- **Problem description**:
Starting at the line that contains "Brīvības gatve 218A, Rīga", write out every line through the last one in the records below, word for word. Leave out any pictures.

Stored data
▼
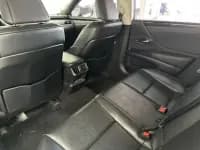 Lexus ES 2020 200 Excellence Edition — миниатюра 8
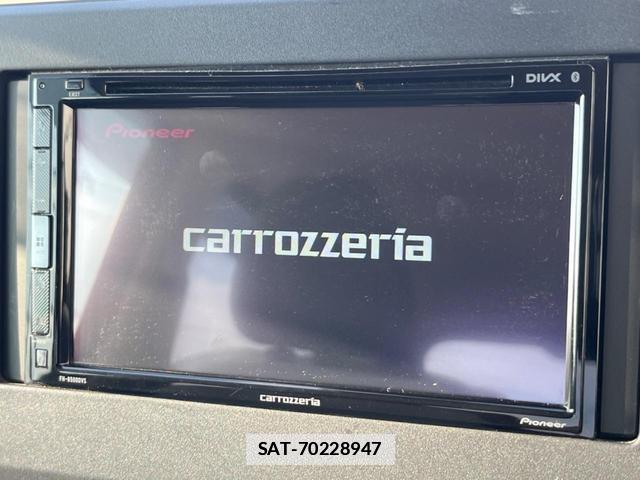 Nissan DAYZ 2022-07 7962274-2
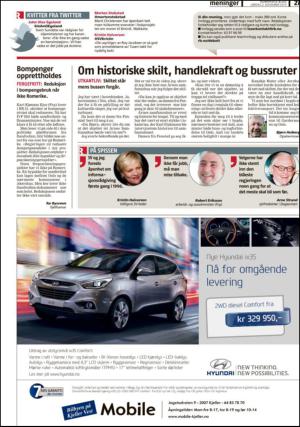 romerikesblad_nedre-20131102_000_00_00_027.pdf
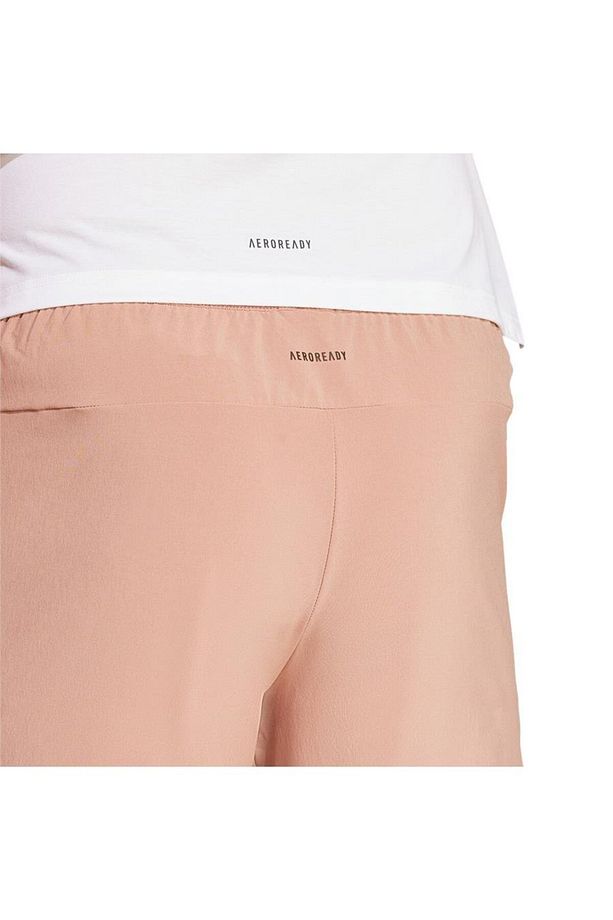 Erkek Şort D4t Short Jı8140 - 6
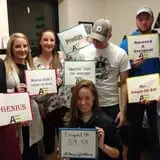 Amaze Escape Arlington photo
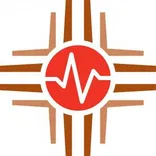Reddy Urgent Care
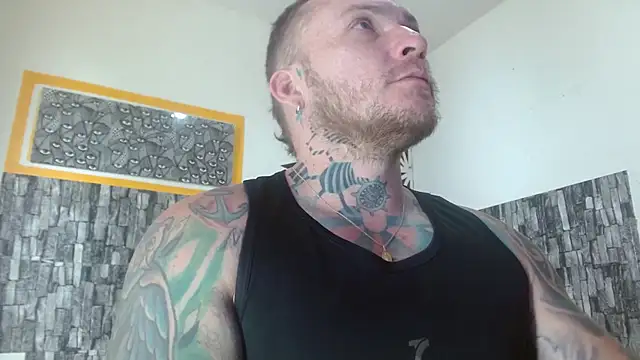 stripnolimits online show from November 29, 2025, 5:13 pm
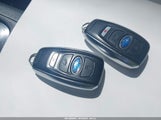 Subaru Crosstrek 2.0I Limited JF2GPALC5G8244357 photo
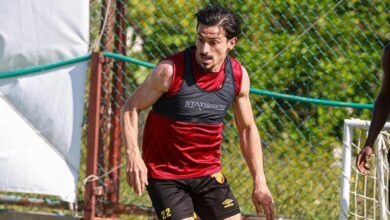 goztepede hatayspor mesaisi devam etti NFZYwSge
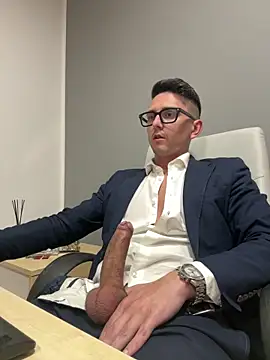masterboss_ - Masterboss_'s free webcam - UK Sex Cams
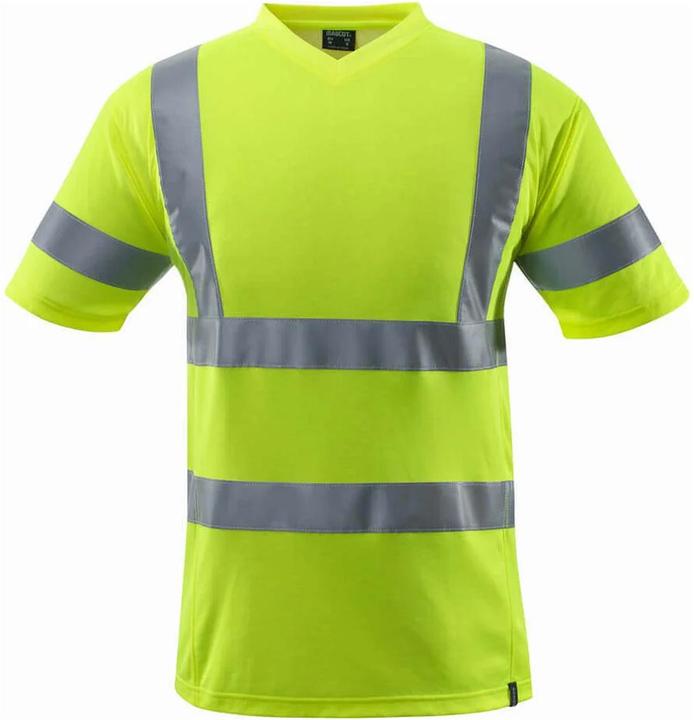 Giallo HI VIS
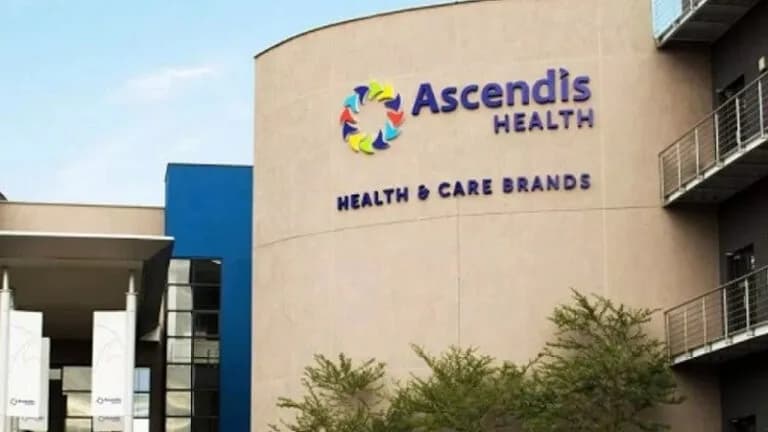Ascendis-Health-Secures-Legal-Victory-Against-Takeover-Regulation-Panel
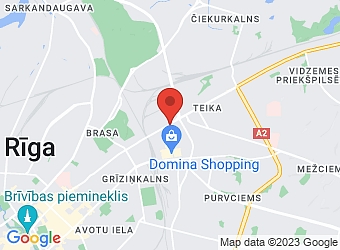  Brīvības gatve 218A, Rīga LV-1039,  Mobistar, SIA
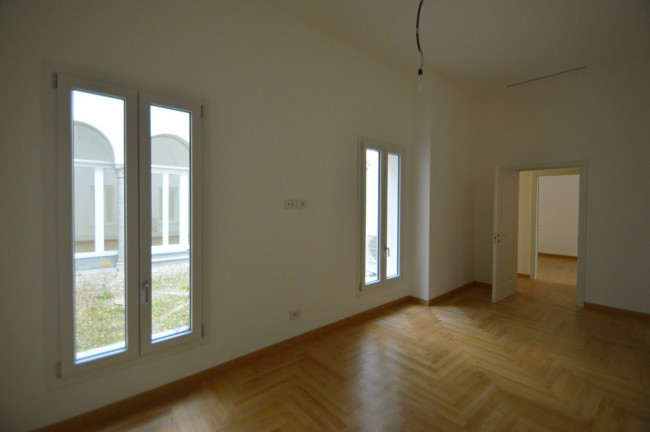 Appartamento in vendita a Pavia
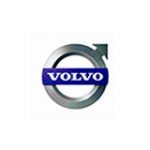 imgi_2_volvo-150x150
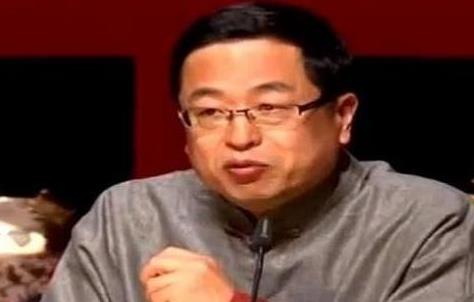 闪婚后总裁夫人马甲藏不住，贾翼萱短剧全集免费观看资讯--第1张
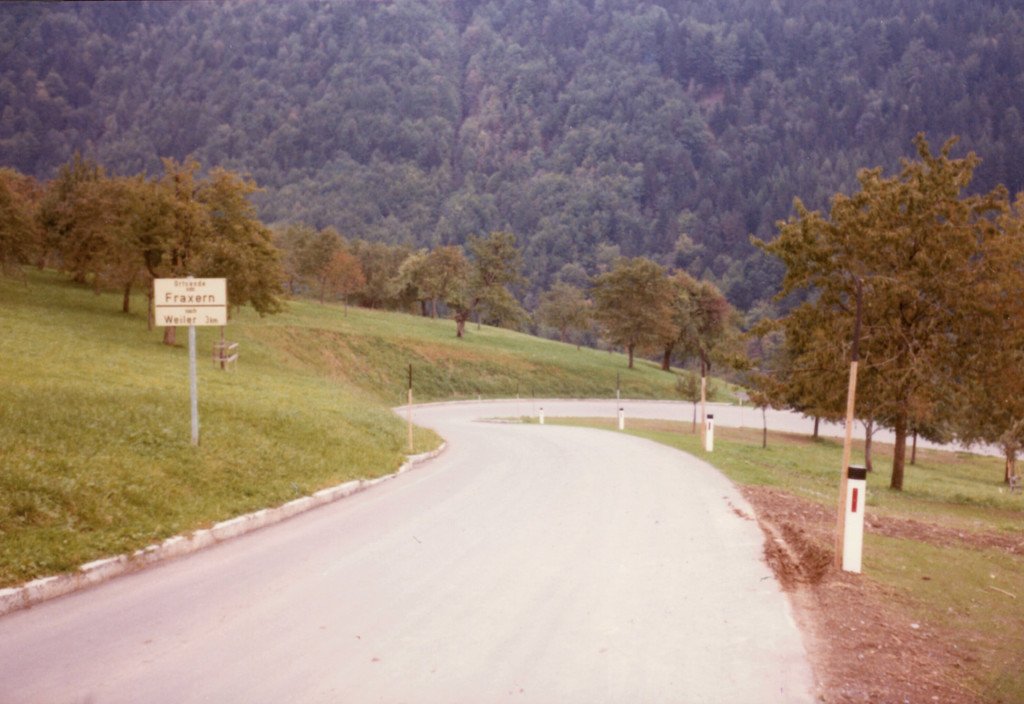 16_fraxern nach L69_11-10-1974.jpg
▲
- **Problem solution**:
  Brīvības gatve 218A, Rīga LV-1039,  Mobistar, SIA
 Appartamento in vendita a Pavia
 imgi_2_volvo-150x150
 闪婚后总裁夫人马甲藏不住，贾翼萱短剧全集免费观看资讯--第1张
 16_fraxern nach L69_11-10-1974.jpg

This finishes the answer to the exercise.